▶ _Given material_:

/---

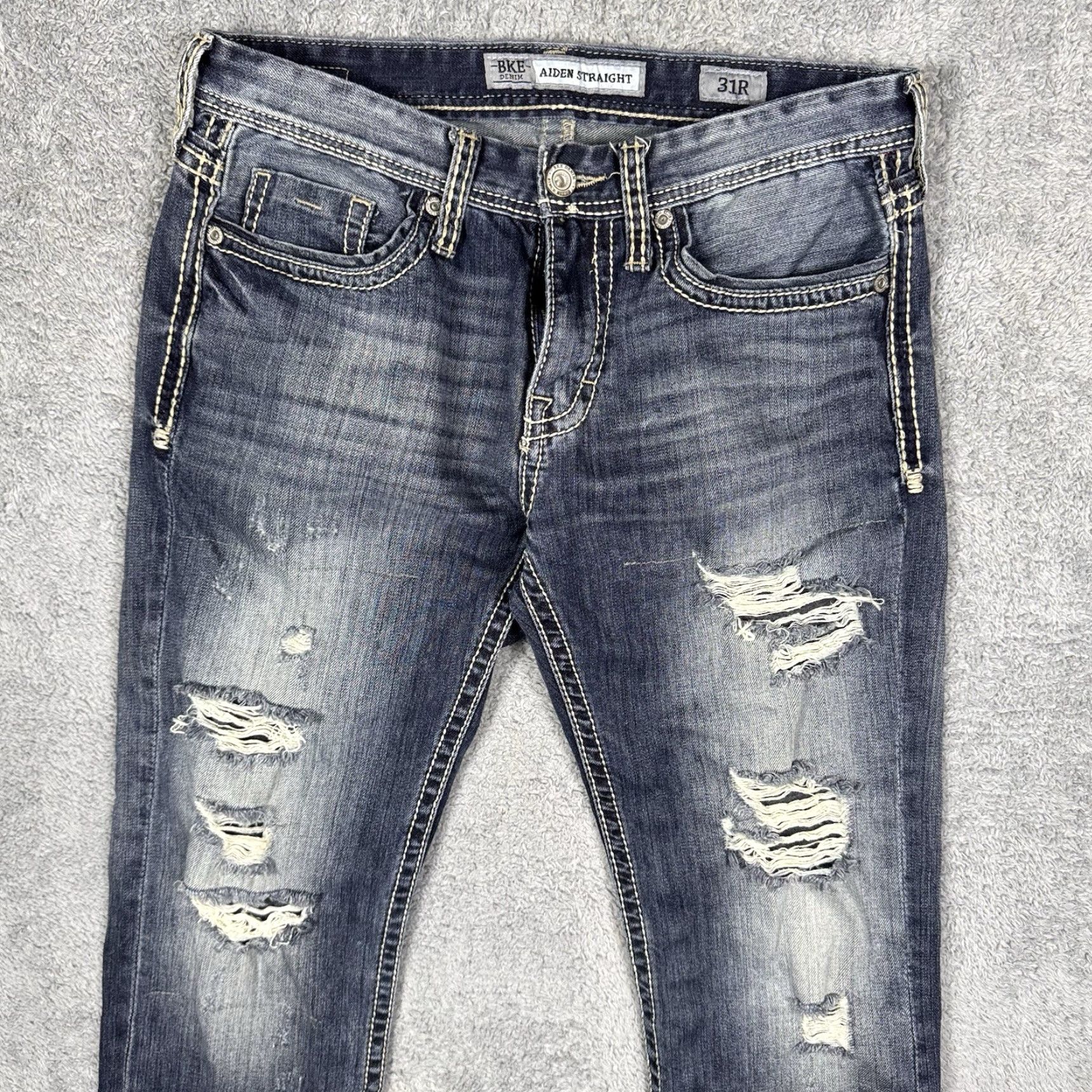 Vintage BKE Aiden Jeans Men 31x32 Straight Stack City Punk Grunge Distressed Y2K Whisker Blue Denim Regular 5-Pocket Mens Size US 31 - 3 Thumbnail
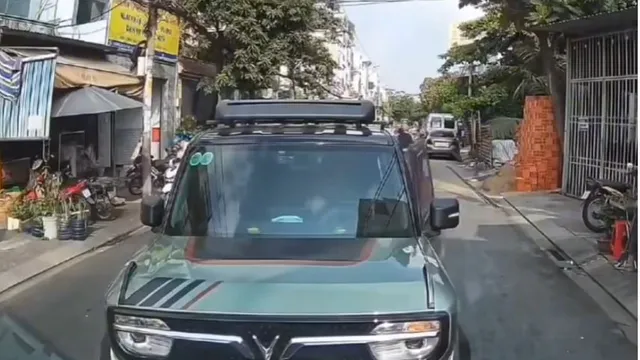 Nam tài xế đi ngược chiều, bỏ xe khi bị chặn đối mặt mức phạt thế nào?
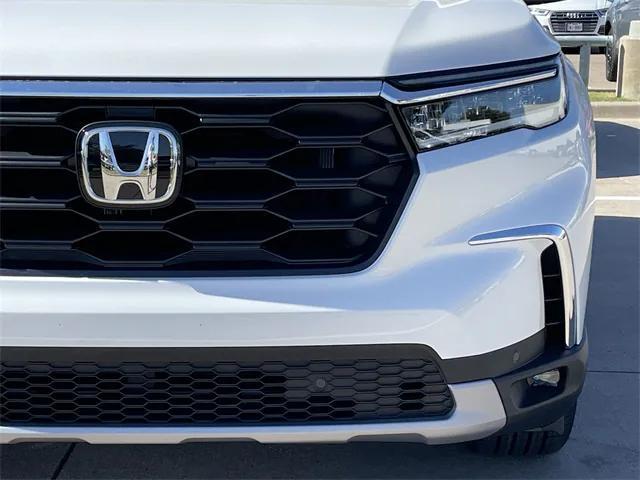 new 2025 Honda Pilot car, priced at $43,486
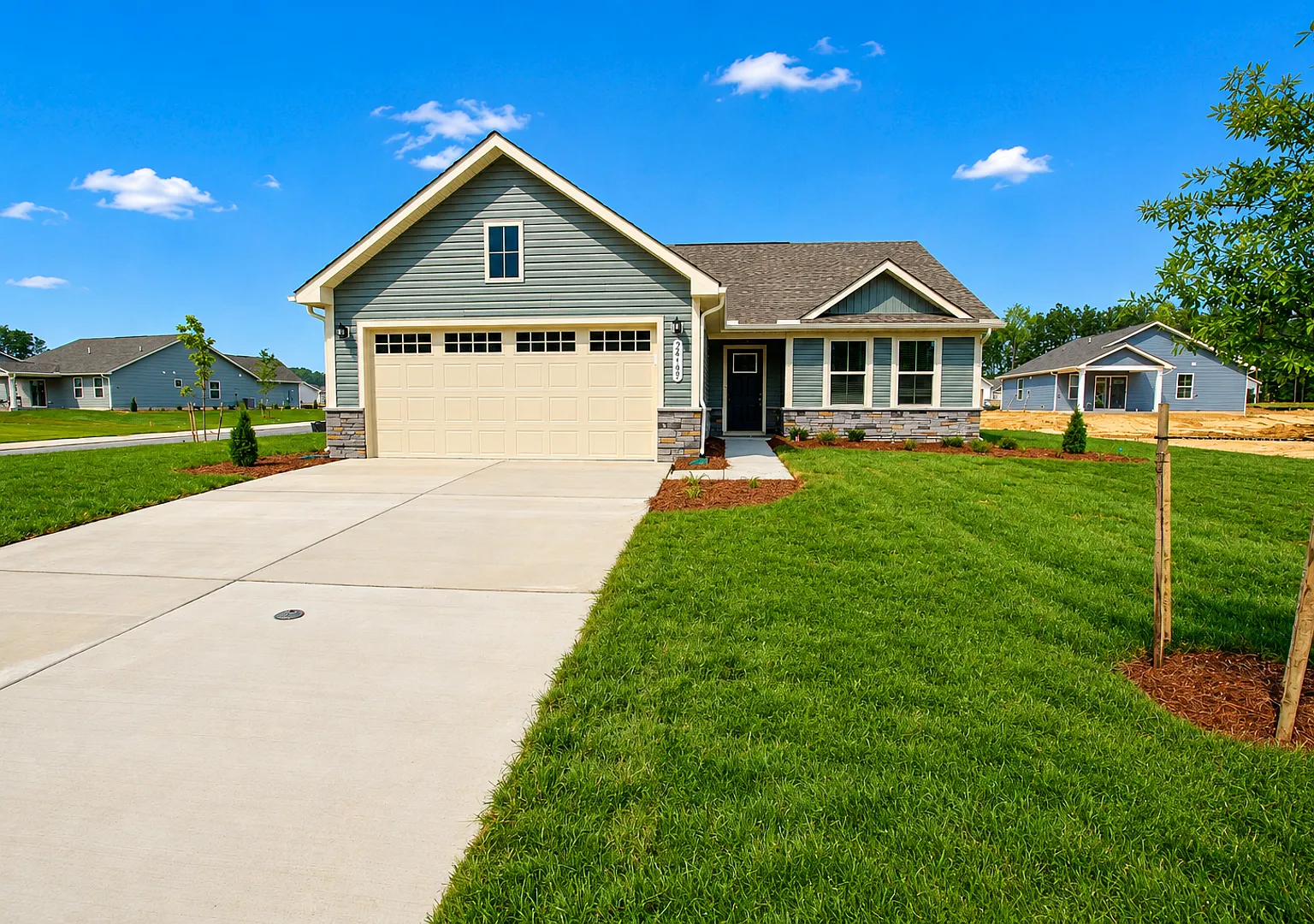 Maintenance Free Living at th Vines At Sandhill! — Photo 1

\---

▶ _Exercise details_: Restate every line above word for word. Do not carry over the images.

▶ _Answer section_:
 Vintage BKE Aiden Jeans Men 31x32 Straight Stack City Punk Grunge Distressed Y2K Whisker Blue Denim Regular 5-Pocket Mens Size US 31 - 3 Thumbnail
 Nam tài xế đi ngược chiều, bỏ xe khi bị chặn đối mặt mức phạt thế nào?
 new 2025 Honda Pilot car, priced at $43,486
 Maintenance Free Living at th Vines At Sandhill! — Photo 1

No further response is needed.